The Windt Hummer Test By Hugh Robjohns
Published November 2023

The author’s DIY Hummer, made from an AC/AC wall‑wart PSU.The author’s DIY Hummer, made from an AC/AC wall‑wart PSU.

If you want to identify studio equipment that’s susceptible to grounding problems, a simple DIY project based on a wall‑wart PSU can help.

My Ground Control article in SOS August 2023 ( raised the topic of good and bad audio equipment design practices in respect of correctly managing interference and noise currents. In poor designs, unwanted noise currents from ground loops or RFI (radio‑frequency interference) introduced via the shields of cables connected to other equipment are allowed to intermingle with the audio signal currents within the amplifier circuitry, adding hums and buzzes to the wanted audio. In contrast, good designs ensure such noise currents are kept well away from the audio circuitry, leaving the device blissfully quiet and trouble‑free.

The Hummer

The Windt Hummer test was first proposed by John Windt in an AES paper in 1995.The Windt Hummer test was first proposed by John Windt in an AES paper in 1995.Unfortunately, there’s no way of telling whether a piece of equipment is designed well or badly in this respect just by looking from the outside — but there is a simple engineering test to find out, and the necessary equipment can be constructed with moderate electrical DIY skills and a spare wall‑wart power supply. This device, called a Hummer, was invented by John Windt and first described in the AES Journal (June 1995, Volume 43, No. 6). It was created in response to another article published in the same issue by Neil Muncy, who discussed at length equipment susceptibility to noise currents injected via external audio cables — something he christened the ‘pin‑1 problem’.

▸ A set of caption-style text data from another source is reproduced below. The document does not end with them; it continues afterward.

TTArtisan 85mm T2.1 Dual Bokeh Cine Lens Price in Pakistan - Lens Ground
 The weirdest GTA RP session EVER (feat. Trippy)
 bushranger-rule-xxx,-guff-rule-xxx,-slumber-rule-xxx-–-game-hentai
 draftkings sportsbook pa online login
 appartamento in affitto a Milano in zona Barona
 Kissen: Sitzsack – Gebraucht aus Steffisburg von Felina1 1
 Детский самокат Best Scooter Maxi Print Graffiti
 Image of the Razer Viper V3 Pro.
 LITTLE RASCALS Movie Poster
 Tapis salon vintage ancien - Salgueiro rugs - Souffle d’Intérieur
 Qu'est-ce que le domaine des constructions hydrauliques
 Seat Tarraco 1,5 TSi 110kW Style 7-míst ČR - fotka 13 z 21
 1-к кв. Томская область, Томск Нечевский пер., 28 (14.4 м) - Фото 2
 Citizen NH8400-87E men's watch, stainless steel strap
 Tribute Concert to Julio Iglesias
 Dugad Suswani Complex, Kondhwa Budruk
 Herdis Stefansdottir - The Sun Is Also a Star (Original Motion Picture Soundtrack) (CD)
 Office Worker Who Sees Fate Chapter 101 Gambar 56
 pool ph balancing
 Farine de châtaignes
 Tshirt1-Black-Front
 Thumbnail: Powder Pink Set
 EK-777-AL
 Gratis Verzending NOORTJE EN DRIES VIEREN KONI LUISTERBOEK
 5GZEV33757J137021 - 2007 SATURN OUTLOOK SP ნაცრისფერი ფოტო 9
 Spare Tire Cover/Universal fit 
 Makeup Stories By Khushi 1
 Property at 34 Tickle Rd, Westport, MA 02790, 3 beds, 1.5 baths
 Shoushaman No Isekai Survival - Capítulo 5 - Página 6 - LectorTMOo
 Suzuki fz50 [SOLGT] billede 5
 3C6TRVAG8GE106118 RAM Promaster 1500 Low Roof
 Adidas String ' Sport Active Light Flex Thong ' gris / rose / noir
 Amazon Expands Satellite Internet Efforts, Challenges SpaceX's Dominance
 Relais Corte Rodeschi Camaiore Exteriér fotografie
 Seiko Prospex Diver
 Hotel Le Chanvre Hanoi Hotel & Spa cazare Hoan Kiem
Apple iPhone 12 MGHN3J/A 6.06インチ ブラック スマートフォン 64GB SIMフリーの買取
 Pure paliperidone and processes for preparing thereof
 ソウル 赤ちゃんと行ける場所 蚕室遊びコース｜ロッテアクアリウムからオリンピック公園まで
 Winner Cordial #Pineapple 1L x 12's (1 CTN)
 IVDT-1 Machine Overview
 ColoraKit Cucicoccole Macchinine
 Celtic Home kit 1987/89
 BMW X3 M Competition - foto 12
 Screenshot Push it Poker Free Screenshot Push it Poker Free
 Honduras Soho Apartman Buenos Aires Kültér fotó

Conceptually, the Windt Hummer is nothing more than a reliable source of an audible noise current that can be injected (harmlessly) into the ground paths of any audio device. If a hum or buzz becomes audible (or the noise floor changes noticeably) at the output of the device under test, it clearly has a ‘pin‑1 problem’ and will be highly susceptible to ground‑loop or RFI issues when installed in an audio system. If all remains quiet under test, it is a well‑designed device that handles noise currents properly. It really is that simple!

So, the source of noise current in the Windt Hummer is a standard (double‑insulated) wall‑wart power supply with an AC output. Any AC PSU with an output current rating of more than 30mA and an AC output voltage of between 6 and 24 Volts is acceptable — my own tester was built using a redundant 1.9A 9V AC PSU from an old phone charger that I found in the back of a drawer. The wall‑wart transformer provides a safe, electrically isolated (ie. floating) and low‑AC signal at 50 or 60 Hz (depending on the local mains supply). The...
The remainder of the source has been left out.